Biota Neotrop. vol.12 no.3 Campinas set. 2012

https://doi.org/10.1590/S1676-06032012000300005 

ARTICLES

 

First record of the exotic channel catfish Ictalurus punctatus (Rafinesque 1818) (Siluriformes: Ictaluridae) in the Rio dos Sinos basin, RS, Brazil

 

Primeira ocorrência do exótico bagre do canal, Ictalurus punctatus (Rafinesque 1818), (Siluriformes, Ictaluridae) na Bacia do Rio dos Sinos, RS, Brasil

 

 

Sabrina Spindler da CruzI; Mateus Evangelista LealI; Pablo César Lehmann AlbornozII; Uwe Horst SchulzI,*

ILaboratório de Ecologia de Peixes, Universidade do Vale do Rio dos Sinos - UNISINOS, Av.
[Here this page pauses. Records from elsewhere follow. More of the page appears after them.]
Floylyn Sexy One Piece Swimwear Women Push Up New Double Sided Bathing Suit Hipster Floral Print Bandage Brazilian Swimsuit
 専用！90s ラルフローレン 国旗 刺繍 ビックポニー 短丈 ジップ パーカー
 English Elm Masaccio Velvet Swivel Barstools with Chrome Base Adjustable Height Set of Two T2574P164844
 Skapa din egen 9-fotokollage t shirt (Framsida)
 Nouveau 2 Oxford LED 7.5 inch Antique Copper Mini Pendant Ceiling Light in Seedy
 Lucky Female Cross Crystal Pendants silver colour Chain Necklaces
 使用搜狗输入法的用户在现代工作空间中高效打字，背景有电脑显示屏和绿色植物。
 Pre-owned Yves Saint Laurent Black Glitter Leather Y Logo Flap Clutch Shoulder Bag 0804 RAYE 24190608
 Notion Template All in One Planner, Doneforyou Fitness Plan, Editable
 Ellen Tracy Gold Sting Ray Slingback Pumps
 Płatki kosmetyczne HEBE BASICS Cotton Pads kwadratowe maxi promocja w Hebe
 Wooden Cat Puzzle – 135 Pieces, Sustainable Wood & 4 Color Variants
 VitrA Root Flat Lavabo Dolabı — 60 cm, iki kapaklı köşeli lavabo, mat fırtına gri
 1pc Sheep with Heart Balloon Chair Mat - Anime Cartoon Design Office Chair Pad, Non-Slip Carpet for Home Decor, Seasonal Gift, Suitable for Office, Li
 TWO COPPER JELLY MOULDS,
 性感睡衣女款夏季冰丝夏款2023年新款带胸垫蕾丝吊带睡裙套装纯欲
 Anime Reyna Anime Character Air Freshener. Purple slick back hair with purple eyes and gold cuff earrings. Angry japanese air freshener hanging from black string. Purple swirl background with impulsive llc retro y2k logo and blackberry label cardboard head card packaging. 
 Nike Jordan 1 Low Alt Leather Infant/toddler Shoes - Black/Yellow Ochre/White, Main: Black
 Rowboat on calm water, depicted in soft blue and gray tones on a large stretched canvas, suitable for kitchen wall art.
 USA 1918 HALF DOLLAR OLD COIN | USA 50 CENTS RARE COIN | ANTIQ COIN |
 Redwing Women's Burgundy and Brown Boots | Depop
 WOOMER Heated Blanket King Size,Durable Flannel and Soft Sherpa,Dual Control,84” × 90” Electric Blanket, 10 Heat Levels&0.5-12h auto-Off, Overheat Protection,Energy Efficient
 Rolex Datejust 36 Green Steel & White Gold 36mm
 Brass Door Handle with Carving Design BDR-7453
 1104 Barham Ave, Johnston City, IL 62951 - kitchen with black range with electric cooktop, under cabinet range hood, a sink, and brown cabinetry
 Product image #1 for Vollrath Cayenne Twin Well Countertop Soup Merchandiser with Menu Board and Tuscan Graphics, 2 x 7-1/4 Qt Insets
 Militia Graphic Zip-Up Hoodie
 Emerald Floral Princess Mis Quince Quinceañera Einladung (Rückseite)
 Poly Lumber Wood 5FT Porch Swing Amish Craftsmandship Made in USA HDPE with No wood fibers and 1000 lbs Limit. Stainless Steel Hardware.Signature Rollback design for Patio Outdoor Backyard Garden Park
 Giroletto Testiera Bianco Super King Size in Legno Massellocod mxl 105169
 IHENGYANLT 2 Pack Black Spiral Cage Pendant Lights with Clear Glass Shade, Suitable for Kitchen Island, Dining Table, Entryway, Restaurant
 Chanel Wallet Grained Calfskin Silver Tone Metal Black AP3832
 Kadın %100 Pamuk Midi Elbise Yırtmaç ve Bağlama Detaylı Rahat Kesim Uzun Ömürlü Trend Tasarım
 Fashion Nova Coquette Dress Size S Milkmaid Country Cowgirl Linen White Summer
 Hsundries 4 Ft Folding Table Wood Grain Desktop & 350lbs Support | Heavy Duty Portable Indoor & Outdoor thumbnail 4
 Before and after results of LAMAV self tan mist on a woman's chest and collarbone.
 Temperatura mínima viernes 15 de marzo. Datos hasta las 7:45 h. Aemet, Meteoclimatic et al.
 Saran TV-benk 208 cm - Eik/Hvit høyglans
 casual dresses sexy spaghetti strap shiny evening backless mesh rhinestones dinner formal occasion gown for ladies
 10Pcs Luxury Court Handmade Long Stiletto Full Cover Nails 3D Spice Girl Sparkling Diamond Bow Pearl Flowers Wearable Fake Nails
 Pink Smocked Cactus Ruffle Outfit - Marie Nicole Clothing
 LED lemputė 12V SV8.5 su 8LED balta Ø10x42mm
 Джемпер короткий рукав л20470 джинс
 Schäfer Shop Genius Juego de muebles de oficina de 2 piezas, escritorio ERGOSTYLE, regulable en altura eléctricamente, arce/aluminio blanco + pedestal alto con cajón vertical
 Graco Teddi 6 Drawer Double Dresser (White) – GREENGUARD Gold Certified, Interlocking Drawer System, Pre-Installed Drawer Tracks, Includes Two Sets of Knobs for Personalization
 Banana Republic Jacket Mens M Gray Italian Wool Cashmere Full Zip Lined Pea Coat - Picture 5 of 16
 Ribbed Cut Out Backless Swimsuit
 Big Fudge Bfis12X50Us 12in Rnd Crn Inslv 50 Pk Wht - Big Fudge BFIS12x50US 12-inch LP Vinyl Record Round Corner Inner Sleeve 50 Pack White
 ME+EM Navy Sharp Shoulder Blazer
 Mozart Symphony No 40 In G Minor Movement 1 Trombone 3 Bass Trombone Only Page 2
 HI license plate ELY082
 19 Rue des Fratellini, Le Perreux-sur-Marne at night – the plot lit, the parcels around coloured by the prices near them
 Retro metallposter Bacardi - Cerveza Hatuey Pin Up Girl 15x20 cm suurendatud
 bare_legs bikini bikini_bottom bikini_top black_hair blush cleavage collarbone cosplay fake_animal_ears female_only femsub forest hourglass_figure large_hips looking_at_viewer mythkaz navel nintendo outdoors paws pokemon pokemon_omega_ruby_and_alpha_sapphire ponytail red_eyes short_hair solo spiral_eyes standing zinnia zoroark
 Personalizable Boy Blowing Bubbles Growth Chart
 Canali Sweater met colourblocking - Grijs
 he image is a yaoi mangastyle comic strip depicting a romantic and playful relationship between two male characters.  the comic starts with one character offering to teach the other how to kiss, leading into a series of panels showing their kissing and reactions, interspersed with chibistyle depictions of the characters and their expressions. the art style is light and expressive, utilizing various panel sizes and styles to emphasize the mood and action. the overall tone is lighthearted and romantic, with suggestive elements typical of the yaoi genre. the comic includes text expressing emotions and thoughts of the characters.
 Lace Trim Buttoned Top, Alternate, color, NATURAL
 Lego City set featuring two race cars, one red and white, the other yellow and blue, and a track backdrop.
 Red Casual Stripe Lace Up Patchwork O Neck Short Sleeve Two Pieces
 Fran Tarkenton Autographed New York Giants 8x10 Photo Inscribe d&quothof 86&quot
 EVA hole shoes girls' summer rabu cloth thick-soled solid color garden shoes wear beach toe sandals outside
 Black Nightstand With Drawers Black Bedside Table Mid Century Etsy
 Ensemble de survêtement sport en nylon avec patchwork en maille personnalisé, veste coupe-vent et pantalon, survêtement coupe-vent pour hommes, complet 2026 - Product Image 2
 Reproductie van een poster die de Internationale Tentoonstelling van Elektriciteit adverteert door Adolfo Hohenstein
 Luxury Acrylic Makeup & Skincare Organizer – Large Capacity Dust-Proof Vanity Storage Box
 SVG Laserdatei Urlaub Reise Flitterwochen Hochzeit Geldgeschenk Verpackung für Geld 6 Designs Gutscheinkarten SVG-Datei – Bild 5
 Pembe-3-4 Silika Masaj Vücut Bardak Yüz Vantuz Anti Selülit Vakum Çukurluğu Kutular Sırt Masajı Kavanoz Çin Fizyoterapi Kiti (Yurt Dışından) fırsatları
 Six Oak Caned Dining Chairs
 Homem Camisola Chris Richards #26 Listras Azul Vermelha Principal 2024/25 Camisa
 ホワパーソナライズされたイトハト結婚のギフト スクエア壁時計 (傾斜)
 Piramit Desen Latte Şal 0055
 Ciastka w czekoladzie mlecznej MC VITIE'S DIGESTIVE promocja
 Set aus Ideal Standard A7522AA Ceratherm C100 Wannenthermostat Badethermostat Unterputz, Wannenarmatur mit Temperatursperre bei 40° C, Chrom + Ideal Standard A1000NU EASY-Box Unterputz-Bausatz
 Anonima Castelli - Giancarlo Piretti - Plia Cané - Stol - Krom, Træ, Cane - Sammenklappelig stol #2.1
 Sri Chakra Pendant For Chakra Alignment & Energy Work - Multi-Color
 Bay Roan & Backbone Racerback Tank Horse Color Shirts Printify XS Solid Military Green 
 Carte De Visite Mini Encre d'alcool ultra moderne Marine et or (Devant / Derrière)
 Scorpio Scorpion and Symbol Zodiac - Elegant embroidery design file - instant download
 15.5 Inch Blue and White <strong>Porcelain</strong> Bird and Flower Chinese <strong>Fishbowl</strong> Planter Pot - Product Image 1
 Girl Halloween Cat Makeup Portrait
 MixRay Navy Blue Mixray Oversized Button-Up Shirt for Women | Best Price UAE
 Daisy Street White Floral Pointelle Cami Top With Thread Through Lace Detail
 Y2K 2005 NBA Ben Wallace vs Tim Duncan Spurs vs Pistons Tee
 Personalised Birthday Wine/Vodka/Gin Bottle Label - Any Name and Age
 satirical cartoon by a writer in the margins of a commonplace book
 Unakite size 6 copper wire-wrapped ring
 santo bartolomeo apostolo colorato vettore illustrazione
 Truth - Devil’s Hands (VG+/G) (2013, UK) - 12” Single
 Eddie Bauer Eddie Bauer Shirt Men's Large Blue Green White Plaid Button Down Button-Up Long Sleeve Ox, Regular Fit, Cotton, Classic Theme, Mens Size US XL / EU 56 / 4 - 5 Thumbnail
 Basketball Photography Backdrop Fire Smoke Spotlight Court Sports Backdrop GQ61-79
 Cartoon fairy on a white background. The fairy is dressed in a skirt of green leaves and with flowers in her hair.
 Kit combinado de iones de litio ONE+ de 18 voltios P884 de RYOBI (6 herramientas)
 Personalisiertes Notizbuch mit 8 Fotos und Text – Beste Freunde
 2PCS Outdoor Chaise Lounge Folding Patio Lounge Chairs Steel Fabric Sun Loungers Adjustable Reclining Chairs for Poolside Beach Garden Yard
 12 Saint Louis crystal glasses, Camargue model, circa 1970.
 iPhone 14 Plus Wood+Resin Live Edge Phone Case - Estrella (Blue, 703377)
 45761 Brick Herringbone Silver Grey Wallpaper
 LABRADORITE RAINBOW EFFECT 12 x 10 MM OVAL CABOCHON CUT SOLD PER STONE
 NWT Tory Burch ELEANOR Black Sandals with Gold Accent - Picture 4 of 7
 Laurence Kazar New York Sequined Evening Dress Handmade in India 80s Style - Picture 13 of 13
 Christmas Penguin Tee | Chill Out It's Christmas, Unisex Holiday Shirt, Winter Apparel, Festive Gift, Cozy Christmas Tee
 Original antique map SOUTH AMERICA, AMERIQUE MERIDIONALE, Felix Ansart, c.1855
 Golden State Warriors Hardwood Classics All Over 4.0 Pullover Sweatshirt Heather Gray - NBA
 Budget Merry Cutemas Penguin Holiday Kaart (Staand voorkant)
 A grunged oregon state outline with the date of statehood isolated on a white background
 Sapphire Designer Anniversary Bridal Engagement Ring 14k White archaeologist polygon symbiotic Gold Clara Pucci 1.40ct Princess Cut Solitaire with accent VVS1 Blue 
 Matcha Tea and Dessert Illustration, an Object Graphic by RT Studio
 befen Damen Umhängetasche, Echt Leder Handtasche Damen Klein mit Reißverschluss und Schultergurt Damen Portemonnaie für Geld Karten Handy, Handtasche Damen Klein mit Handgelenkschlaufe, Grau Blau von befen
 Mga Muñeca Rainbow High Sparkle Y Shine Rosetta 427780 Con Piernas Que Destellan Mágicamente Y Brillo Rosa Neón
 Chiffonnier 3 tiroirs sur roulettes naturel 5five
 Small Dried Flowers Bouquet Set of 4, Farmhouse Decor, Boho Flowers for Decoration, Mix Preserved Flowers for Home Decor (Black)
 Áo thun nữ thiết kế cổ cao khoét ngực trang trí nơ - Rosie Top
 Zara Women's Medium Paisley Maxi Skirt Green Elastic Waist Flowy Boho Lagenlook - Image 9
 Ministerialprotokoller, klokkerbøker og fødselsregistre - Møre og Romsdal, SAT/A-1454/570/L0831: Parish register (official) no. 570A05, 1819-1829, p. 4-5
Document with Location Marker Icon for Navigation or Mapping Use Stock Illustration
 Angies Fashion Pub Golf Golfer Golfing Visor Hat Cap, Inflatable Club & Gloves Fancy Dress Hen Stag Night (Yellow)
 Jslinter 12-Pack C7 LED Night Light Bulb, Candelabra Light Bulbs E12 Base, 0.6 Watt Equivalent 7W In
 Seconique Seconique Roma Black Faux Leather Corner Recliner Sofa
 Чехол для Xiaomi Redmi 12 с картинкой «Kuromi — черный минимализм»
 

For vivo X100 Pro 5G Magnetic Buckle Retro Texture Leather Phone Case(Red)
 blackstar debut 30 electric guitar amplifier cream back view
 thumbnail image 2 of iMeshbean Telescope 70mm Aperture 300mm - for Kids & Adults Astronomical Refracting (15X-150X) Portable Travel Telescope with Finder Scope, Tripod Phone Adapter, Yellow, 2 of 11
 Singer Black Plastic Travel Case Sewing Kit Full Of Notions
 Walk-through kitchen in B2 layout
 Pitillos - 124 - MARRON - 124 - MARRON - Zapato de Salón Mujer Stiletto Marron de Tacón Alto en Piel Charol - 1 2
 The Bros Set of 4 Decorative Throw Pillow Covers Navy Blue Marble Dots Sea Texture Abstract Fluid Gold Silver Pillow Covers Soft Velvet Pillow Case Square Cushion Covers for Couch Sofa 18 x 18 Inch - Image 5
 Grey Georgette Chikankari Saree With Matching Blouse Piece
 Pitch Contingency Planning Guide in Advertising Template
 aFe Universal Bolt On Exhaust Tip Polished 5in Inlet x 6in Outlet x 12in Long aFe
Unisinos, 950, Cristo Rei, CEP 93022-000, São Leopoldo, RS, Brasil
IILaboratório de Ictiologia, Universidade do Vale do Rio dos Sinos - UNISINOS, Av. Unisinos, 950, Cristo Rei, CEP 93022-000, São Leopoldo, RS, Brasil

 

 


ABSTRACT

The introduction of non-native species in inland waters is one of the main threats for aquatic biodiversity. Introduced species may compete for resources, prey on native fauna, spread diseases and parasites. The channel catfish Ictalurus punctatus (Siluriformes, Ictaluridae) was first described by Rafinesque 1818 in the United States and is widely distributed in North America, south Canada and north-east Mexico. This species adapts easily to new environmental conditions, is tolerant to different habitats, and is grown easily in aquaculture, which turns it into a potential invader of natural aquatic environments. The introduction of I. punctatus occurs in Brazil since 1980, and this is the first record of its occurrence in the Rio dos Sinos basin, Brazil. A female adult catfish was captured during a survey in the main channel of the Rio dos Sinos (29º 44' 14.04" S and 51º 05' 11.08" W). Most probably the captured individual is an escapee from nearby aquaculture facilities.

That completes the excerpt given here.